Bio



Reverend AL Green (b. April 13, 1946) is an American gospel and soul music singer, born in Forrest City, Arkansas. The son of a sharecropper, he started out at age nine in a Forrest City quartet called the Greene Brothers; he dropped the final "e" from his last name years later as a solo artist. They toured extensively in the mid-1950s in the South until the Greenes moved to Grand Rapids, Michigan, when they began to tour around Michigan. He was kicked out of the group by his father because he was caught listening to Jackie Wilson.

Green formed a group called AL Greene & the Creations in high school.
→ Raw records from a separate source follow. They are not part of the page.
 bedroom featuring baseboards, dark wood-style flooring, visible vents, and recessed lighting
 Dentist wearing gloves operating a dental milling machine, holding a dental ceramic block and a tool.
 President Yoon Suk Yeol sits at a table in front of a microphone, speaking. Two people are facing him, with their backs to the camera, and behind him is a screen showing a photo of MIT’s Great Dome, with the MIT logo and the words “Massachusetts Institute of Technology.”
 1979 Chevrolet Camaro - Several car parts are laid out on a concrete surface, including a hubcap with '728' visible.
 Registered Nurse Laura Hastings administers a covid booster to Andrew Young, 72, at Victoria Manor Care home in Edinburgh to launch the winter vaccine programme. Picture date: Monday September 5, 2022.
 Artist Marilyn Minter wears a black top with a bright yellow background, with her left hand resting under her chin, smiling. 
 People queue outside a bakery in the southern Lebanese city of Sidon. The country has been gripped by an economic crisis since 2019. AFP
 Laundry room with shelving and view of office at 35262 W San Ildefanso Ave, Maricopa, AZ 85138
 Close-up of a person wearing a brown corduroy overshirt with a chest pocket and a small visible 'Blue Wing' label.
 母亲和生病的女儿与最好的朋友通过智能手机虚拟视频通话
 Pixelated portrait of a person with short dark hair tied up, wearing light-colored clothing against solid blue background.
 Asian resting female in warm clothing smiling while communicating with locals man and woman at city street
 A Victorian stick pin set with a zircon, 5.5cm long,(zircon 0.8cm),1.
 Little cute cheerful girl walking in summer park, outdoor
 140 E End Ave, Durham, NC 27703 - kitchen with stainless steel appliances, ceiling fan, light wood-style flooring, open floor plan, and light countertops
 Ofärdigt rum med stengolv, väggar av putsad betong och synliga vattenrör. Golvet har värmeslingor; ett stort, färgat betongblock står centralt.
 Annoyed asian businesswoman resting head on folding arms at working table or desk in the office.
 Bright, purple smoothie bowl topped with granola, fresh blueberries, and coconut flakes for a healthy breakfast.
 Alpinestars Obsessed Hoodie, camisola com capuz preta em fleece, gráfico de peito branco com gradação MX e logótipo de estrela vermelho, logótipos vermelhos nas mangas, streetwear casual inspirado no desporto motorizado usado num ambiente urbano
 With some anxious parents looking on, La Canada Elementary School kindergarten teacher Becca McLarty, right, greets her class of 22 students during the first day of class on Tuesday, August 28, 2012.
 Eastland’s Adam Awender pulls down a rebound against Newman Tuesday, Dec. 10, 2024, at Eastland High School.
Curtis Rogers and Palmer James, two members of the Creations, formed an independent label called Hot Line Music Journal. The band, now known as the Soul Mates, recorded "Back Up Train" and released it on Hot Line Music; the song was an R&B chart hit. The Soul Mates' subsequent singles did not sell as well. AL Green met bandleader Willie Mitchell of Memphis' Hi Records in 1969, when Mitchell had hired him as a vocalist for a Texas show with Mitchell's band and then asked him to sign with the label.

Mitchell predicted stardom for Green, coaching him to find his own, unique voice at a time when Green had previously been trying to sing like his heroes Jackie Wilson, Wilson Pickett, James Brown, and Sam Cooke. Green's debut album with Hi Records was Green is Blue, a slow, horn-driven album that allowed Green to show off his powerful and expressive voice, with Mitchell arranging, engineering, and producing. The album was a moderate success. The next LP, though, AL Green Gets Next To You (1970), was a massive success that included four gold singles as Green developed his vocal and songwriting talents. Let's Stay Together (1972) was an even bigger success, as was I'm Still In Love With You (1972). Call Me was a critical sensation, and was also just as popular at the time; it is one of his most fondly remembered albums today.

On October 18, 1974, Green's girlfriend, Mary Woodson, poured boiling grits on him as he was showering, causing second-degree burns on his back, stomach and arm. She then killed herself in an adjacent bedroom. Green converted to Christianity after recovering from the assault and in 1976 became an ordained pastor of the Full Gospel Tabernacle in Memphis. Continuing to record R&B, Green saw his sales start to slip and the critics grew steadily harsher. 1977's The Belle Album was critically acclaimed but did not regain his former mass audience. In 1979, Green was injured while performing and interpreted this accident as a message from God. He then concentrated his energies towards pastoring his church and gospel singing, also appearing in 1982 with Patti Labelle in the musical Your Arms Too Short to Box With God. His first gospel album was The Lord Will Make a Way. From 1981 to 1989 Green recorded a series of gospel recordings, garnering eight "soul gospel performance" Grammys in that period. In 1984 director Robert Mugge released a documentary film, The Gospel According to AL Green, including interviews about his life and footage from his church.

After spending several years exclusively performing gospel, Green began to return to R&B. First, he released a duet with Annie Lennox, "Put A Little Love In Your Heart" for Scrooged, a Bill Murray film. His 1994 duet with country music singer Lyle Lovett blended country with R&B, garnering him ninth Grammy, this time in a pop music category. Green's first secular album in some time was Your Heart's In Good Hands (1995), released to positive reviews but disappointing sales, the same year Green was inducted into the Rock and Roll Hall of Fame.

In 2000, Green published Take Me to the River, a book discussing his career. The Grammys presented Green with a Lifetime Achievement Award in 2002.

Green released in 2003 a non-religious (secular) album entitled I Can't Stop, his first collaboration with Willie Mitchell since 1985's He is the Light. The next year, Green was inducted into the Gospel Music Association's Gospel Music Hall of Fame.